┌─ Data

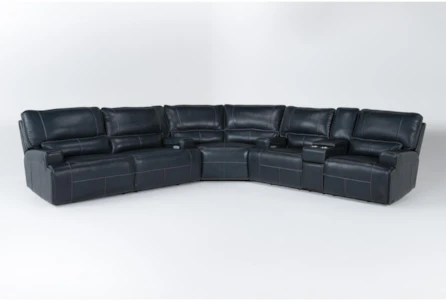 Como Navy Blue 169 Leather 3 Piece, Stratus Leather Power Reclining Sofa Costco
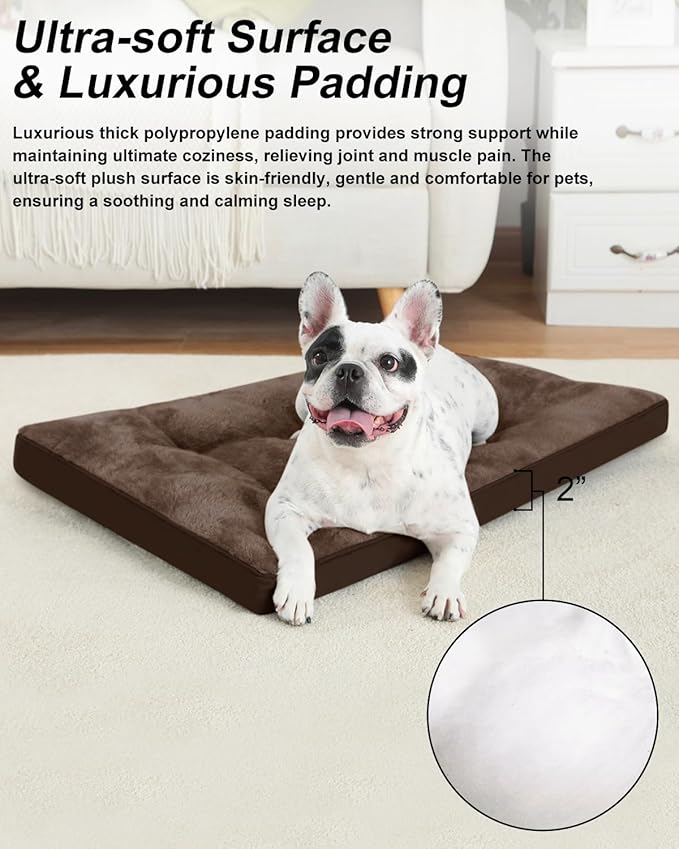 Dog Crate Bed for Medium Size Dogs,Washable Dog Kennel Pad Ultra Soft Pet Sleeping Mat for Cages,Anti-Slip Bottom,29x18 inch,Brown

└─
┌─ Data

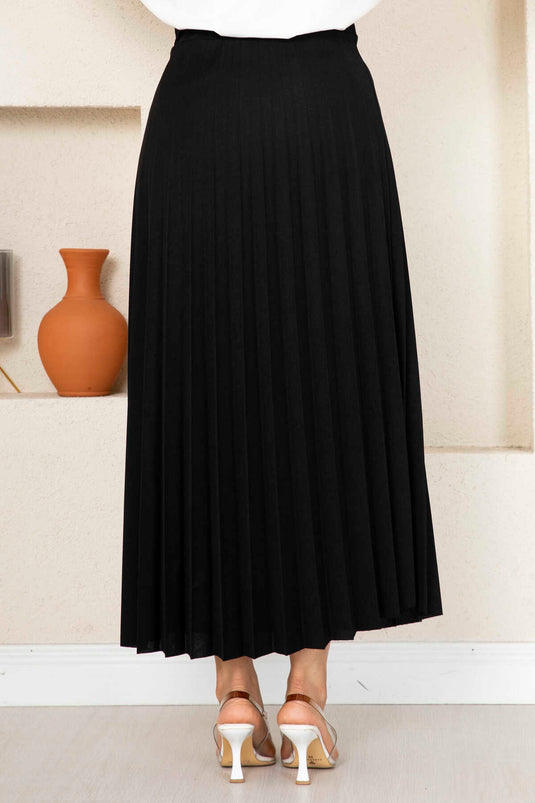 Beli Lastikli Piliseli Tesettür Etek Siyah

└─
┌─ Data

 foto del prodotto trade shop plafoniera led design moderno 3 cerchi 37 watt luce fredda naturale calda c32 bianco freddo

└─

* **Exercise**:
In the listing above, find the line with "Como Navy Blue" and the line with "Dog Crate Bed". Set down exactly those lines and everything between them, skipping pictures.

* **Response below**:
 Como Navy Blue 169 Leather 3 Piece, Stratus Leather Power Reclining Sofa Costco
 Dog Crate Bed for Medium Size Dogs,Washable Dog Kennel Pad Ultra Soft Pet Sleeping Mat for Cages,Anti-Slip Bottom,29x18 inch,Brown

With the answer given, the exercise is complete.